Thursday, September 24, 2009

"The Fourth Kind"

Release Date: November 6, 2009



The movie “The Fourth Kind” is listed as a fact-based thriller involving an ongoing unsolved mystery in Alaska, where one town has seen an extraordinary number of unexplained disappearances during the past 40 years and there are accusations of a federal cover up.

I can’t resist a mystery, so admittedly, I did a little research into the story to find out that since the 1960s a lot of visiting Native Americans going into Nome went missing. In fact, since 1990, 10 have gone missing. No signs of what happened to them, no bodies found. The FBI was called in to find out if there as a serial killer. The FBI pretty much chalked it up to local bars and drinking and either wandering off into the cold and drowning in the river or being preyed upon by opportunists.

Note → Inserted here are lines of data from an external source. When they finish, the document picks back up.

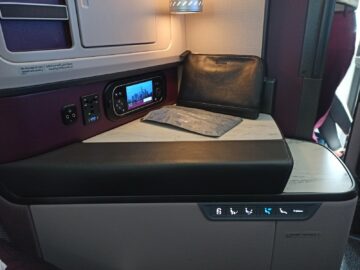 Qatar Airways Business Class Boeing 787 9 Sitz Ablage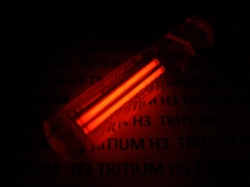 Tritium GlowRing čirý červený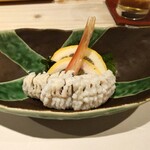 和食と炭火焼 三代目 うな衛門 - 湯引き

So, how did a story such as that become a movie about abductions?


That had me wondering. When a movie talks about having real footage of actual hypnotherapy sessions with abductees, it smacks of “Blair Witch Project” promotion. Come on, how many of you searched out the story of the Blair Witch and the missing film crew? Well, it appears this story is much the same. The doctor the movie was based on has a “mock” website registered by “GoDaddy.com” so that about says it all (note there are no contact addresses on the site).

Admittedly, I am totally cool with promotion for movies that crosses the “reality” threshold. I remember the “Blair Witch Project” and its online promotion was what made a budget nothing movie into an enormous success. I also, however, can’t help but be cautious when assuming promotional materials are reality. I’m not a gullible type, so I tend to be skeptical when they say anything is based on a true story (remember “A Haunting in Connecticut” and “Amityville Horror?”)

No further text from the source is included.